The signature Nidera announced the case of a field that uses, among other things, the Pig manure for Fertilize plants. It’s about The picturesque, that at the Santa Rita Establishment, in Balcarce, they have harvested Wheat. There, the Baguette 820 yielded an average of 7,900 kilos per hectare, he reported.
Manure is a liquid or semi-liquid organic wastewater derived from pig feces and urine, which can be used as fertilizers and biological supplements in agriculture. As indicated, the grain had the above yield with less than 50% of the usual dose of manure. “InFertigation, the equivalent of 250 to 300 kilograms of urea per hectare is incorporated in the form of manure every 100 millimeters of irrigation. Of this, 20% is phosphorus.” announced the seed company report.
Guillermo Sojo, La Pintoresca technical advisor explained: “It rained a lot this year, so we were only able to spread 50% of the planned amount.” Juan Claudio Gonzalez, Head of the family business Casabal, He added: “We have started harvesting and the numbers confirm once again that the system is working.” In the countryside there is complete integration between agriculture, livestock farming and crop nutrition.
Sojo stated that by measuring the electrical conductivity of the water, they can determine the amount of urea equivalent used. “Everything is irrigated with manure and a strip is made with 200 kilograms of urea per hectare. If there was no difference, it means the dose of manure was correct,” he said. Savings on chemical fertilizers are very important and wheat fertilized with manure amounts to about 1000 kilograms per hectare compared to wheat fertilized with urea. them in detail.
As already mentioned, La Pintoresca, with fields in Balcarce and Capilla del Señor, was founded in the 90s by Eduardo Casabal and his daughter María Teresa. In 2014, Juan Pablo, also Eduardo’s son, joined, for whom the integration of added value became a two-way street. “La Pintoresca farms approximately 3,000 hectares in Balcarce, including 2,000 hectares of its own, with a crop rotation that includes wheat, corn, soybeans and second-class soybeans. In recent years the program has focused more on corn, driven by a pig farm.” they pointed out.
Juan Pablo decided to add value through environmental orientation. So they opened a pig farm in Balcarce, which started a decade ago with 300 sows and already employs 1,000 people. Added to this project are the 700 milked cows in Capilla del Señor, which are in the process of being converted into a stable dairy. Today they employ 75 people and do not stop growing: they start producing kiwis in Balcarce, the report says.
“We work in a cycle: we sow, we produce grain, we feed the animals and we fertilize the plants with manure.”Gonzalez said. “With the dairy and the hatchery, we consume a lot of the food we produce and feed the production back with the wastewater from the hatchery, which not only allows us to contribute to the environment, but also adds kilos to the production.” “It is truly a circular economy” Juan Pablo remarked.
The company distributes around 6,500 tons of corn to pig farming and some to dairy farming and also has its own feed factory, a drying plant and an oil press factory. “The selection of the corn is rigorous: it is analyzed months before harvest to avoid mycotoxins, and hard grain materials optimal for animal nutrition are prioritized,” they explained.

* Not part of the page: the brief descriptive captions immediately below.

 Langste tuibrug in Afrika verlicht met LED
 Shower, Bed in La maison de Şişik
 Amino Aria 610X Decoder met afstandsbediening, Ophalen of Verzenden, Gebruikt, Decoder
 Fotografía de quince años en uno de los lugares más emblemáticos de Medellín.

In this context, the novelty appears in agronomic management. La Pintoresca does not use conventional mineral nitrogen for both wheat and corn. “We don’t throw out urea, we use manure and the wheat thrives very well with it,” Gonzalez said.
The company explained that the system involves transporting manure from the hatchery to plots approximately seven kilometers away through pipes, pumps and then injecting it into the pivot irrigation system, which serves approximately 800 hectares. The process is strictly controlled: conductivity is measured, regular reports are generated and dosages are adjusted based on internal analysis. “We track it in Excel three times a week,” he explains.

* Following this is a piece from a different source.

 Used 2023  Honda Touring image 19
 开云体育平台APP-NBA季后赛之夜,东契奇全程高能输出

The manure is separated into solid and liquid fractions, passes through pits, settling tanks and filter systems developed by the company itself until it reaches a pond with a capacity of 30,000 liters that supplies the irrigation systems. In a productive sense, the numbers support the system, they pointed out. “We get an average of 12,000 kilos of corn from manure alone. The nitrogen savings are enormous and it also provides phosphorus,” Gonzalez points out.
The company is advised by José Luis Costa, a retired INTA agronomist and soil specialist, who provides an important perspective: “It gives us confidence that manure nutrition changes the biology of the soil.” the manager remarked.
According to the report, the experience has been going on for five years. For irrigated corn, plots that historically yielded no more than 9,000 kilos of corn began yielding between 11,000 and 12,000 kilos per hectare. For wheat, even in campaigns with little rain, an average of 7,600 to 7,800 kilos was achieved throughFertigation with manure applied early in the harvest.
In La Pintoresca they have started monitoring with green index images to evaluate batches of manure. “This will allow us to see the comparative progress with the urea strip,” Sojo said. This year, grain protein analysis was added to evaluate data from manure-fertilized plots compared to urea-fertilized plots.